The aggregate value of the Arrangement, including the debt carried by PrimeWest and its subsidiaries, is approximately C$5.0 billion on a fully diluted basis. The consideration per Unit pursuant to the Arrangement Agreement represents a 26.5% premium over the 30 day weighted average trading price of the Units on the Toronto Stock Exchange up to and including September 21, 2007.

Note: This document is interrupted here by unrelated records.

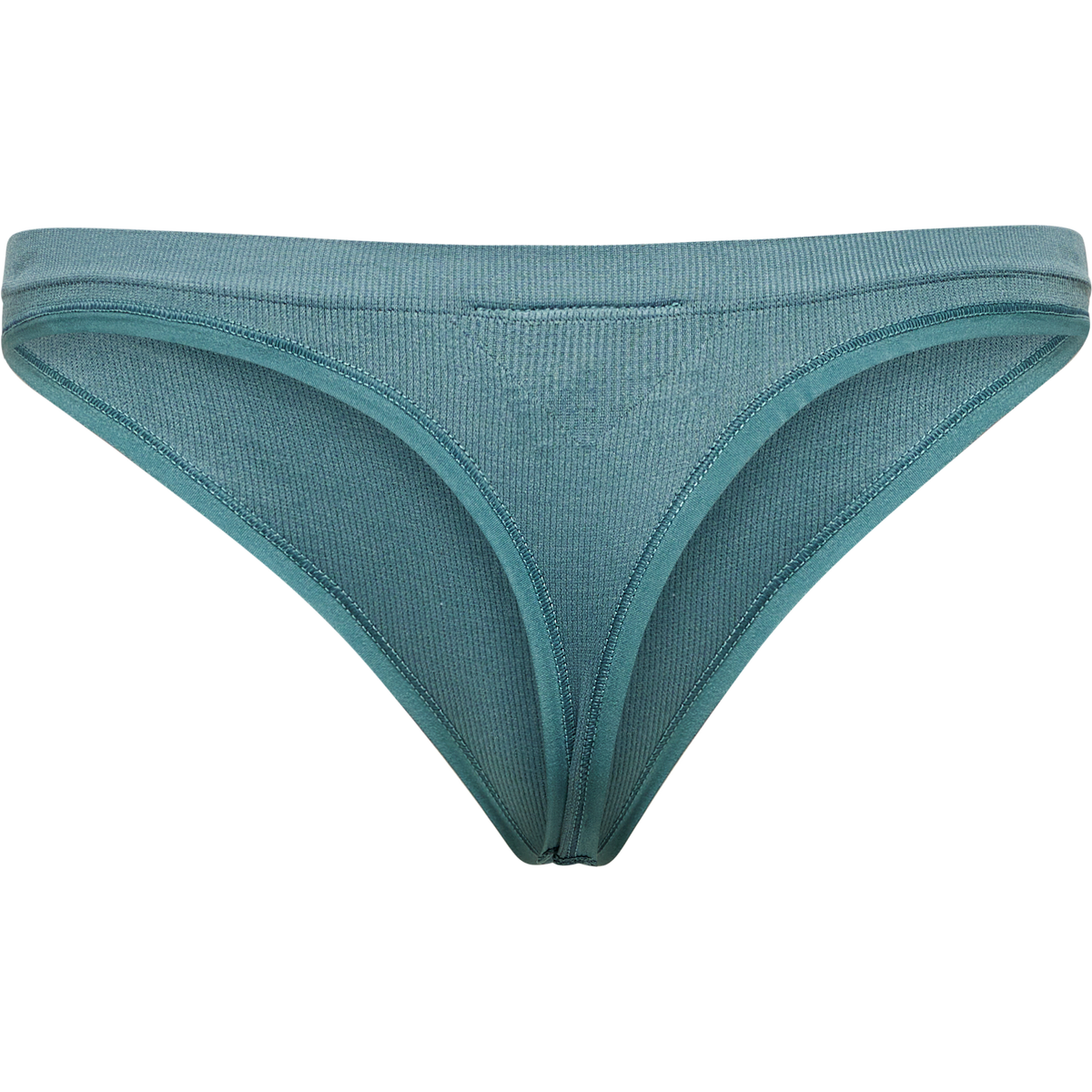 hummel Juno Seamless Thong North Atlantic
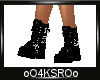 4K .:Chained Boots:.
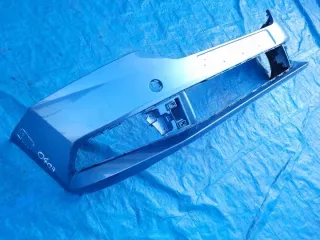6V0807221F OE6V0807221F-0403 OE6V0807221F Бампер передний Skoda Fabia 3 Арт e11668256, вид 2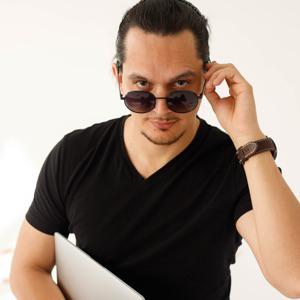 Андрей Литвинов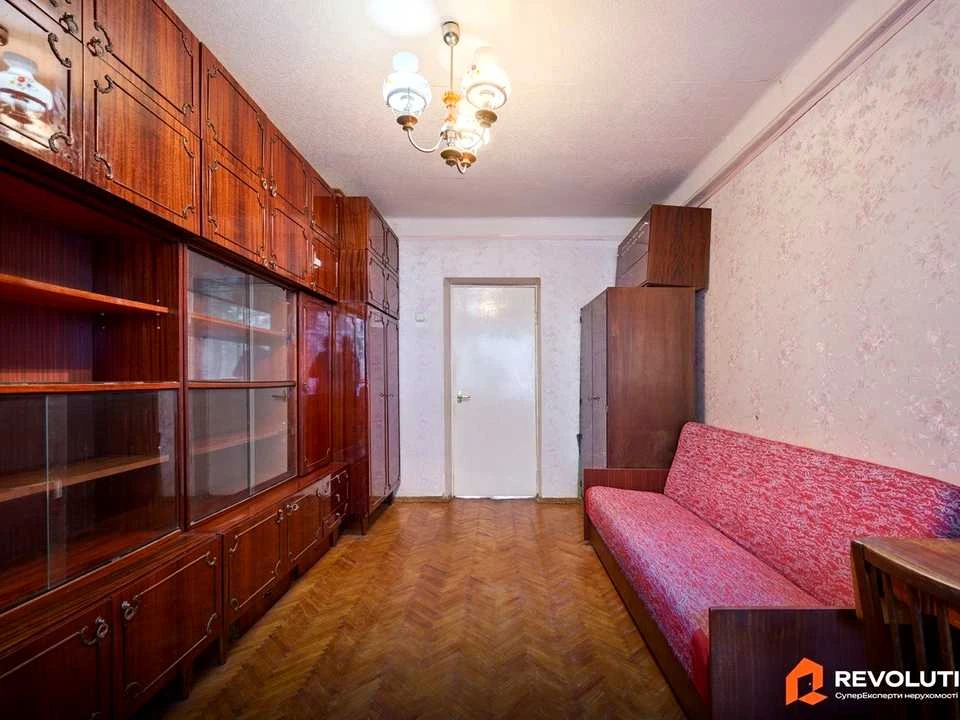 Квартира. Київ, Олени Теліги вул.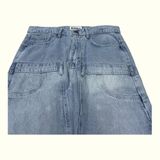 Denham Jean Large Homme Streetwear – W32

"We are pleased to announce that Purchaser and TAQA North have entered into an agreement for Purchaser to acquire the PrimeWest Units and Exchangeable Shares at a price that delivers substantial value to our investors. PrimeWest has built a high quality asset base with a large portfolio of development opportunities. This investment by Purchaser will result in ongoing development and growth of the asset base," stated Don Garner, President and CEO of PrimeWest.

The Arrangement Agreement also permits PrimeWest to maintain its current monthly distribution at an amount not greater than C$0.25 per Unit payable in each of the months of October and November 2007. Therefore, if the effective date of the Arrangement occurs in November, the final distribution to Unitholders will be paid on November 15, 2007. However, if the Unitholder meeting is held on or before November 30, 2007 and the effective date of the Arrangement is delayed beyond the third business day of the following month, the Arrangement Agreement permits PrimeWest to continue to pay monthly distributions. If PrimeWest is permitted to pay distributions after November, the distribution amount will be set at the discretion of the Board of Directors of PrimeWest but will not exceed $0.25 per Unit per month.

Complete details of the terms of the Arrangement are set out in the Arrangement Agreement which will be filed by PrimeWest on SEDAR and EDGAR and will be available for viewing under PrimeWest's profile on www.sedar.com and on www.sec.gov/edgar.shtml.

PrimeWest is suspending the operation of its premium distribution, distribution reinvestment and optional trust purchase plan with respect to any distribution on the Units occurring after October 15, 2007.